## Instructions for the task
Copy out the data exactly, leaving the pictures behind.

## Raw data

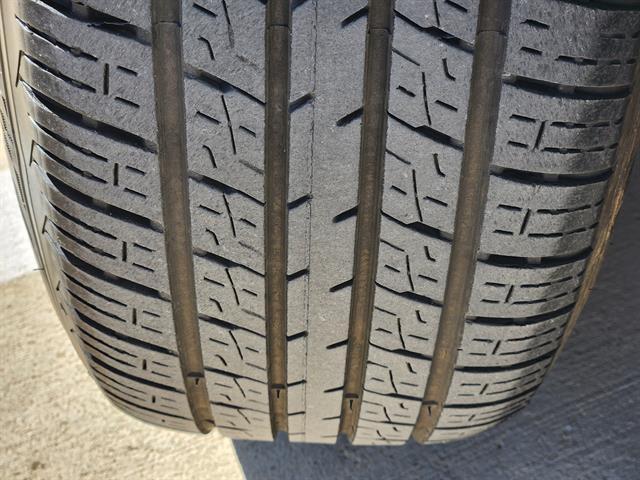 used 2024 Chrysler Pacifica car, priced at $27,992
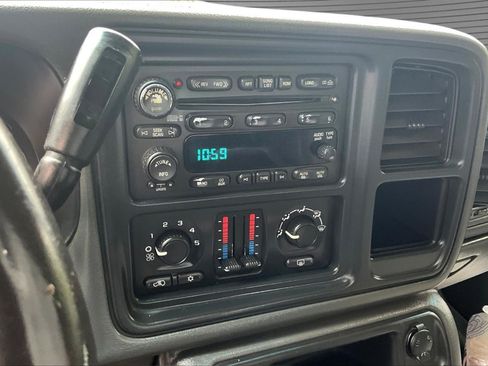 Used 2005 Chevrolet Silverado 2500 LS w/ Heavy-Duty Power Package AWD/4WD image 15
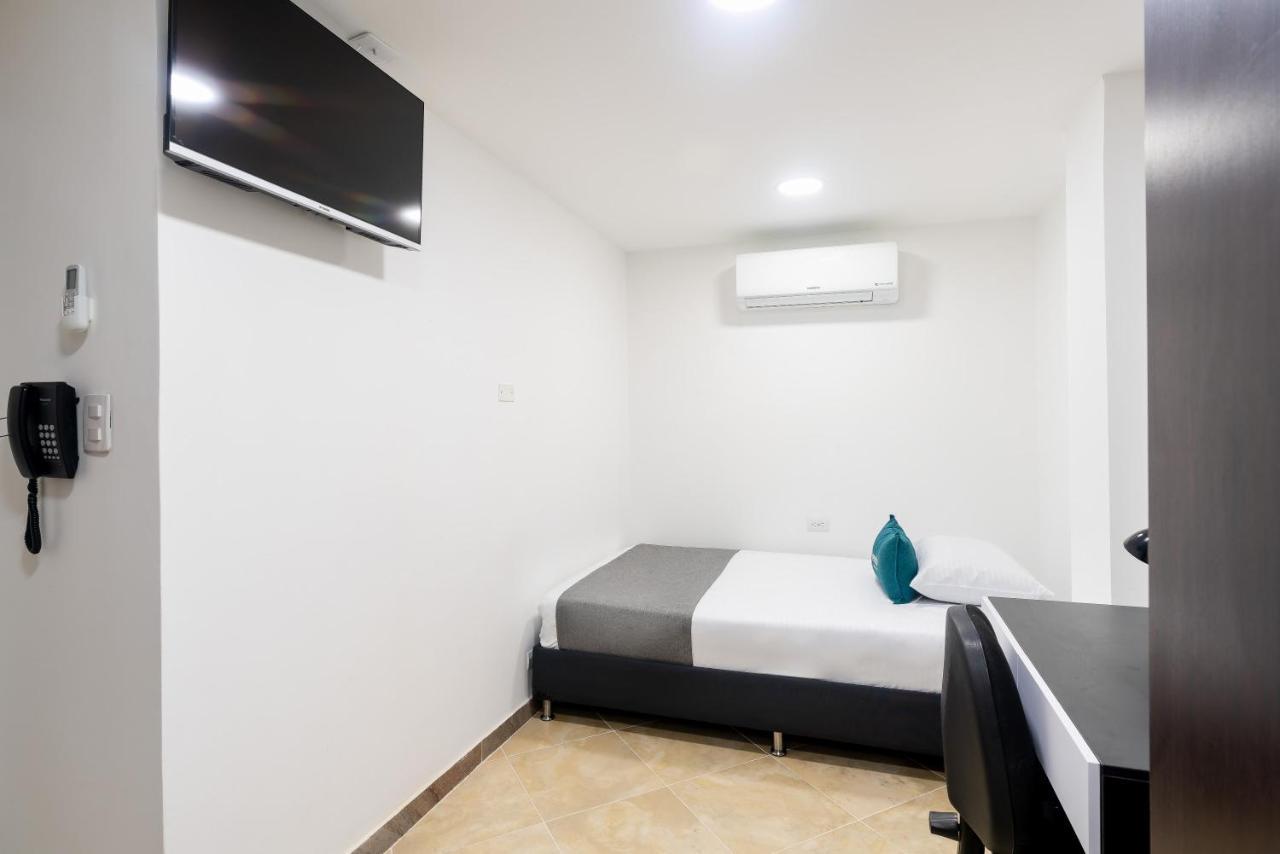 Hotel Ayenda Coliving La 78A Medellín Esterno foto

## Task result
 used 2024 Chrysler Pacifica car, priced at $27,992
 Used 2005 Chevrolet Silverado 2500 LS w/ Heavy-Duty Power Package AWD/4WD image 15
 Hotel Ayenda Coliving La 78A Medellín Esterno foto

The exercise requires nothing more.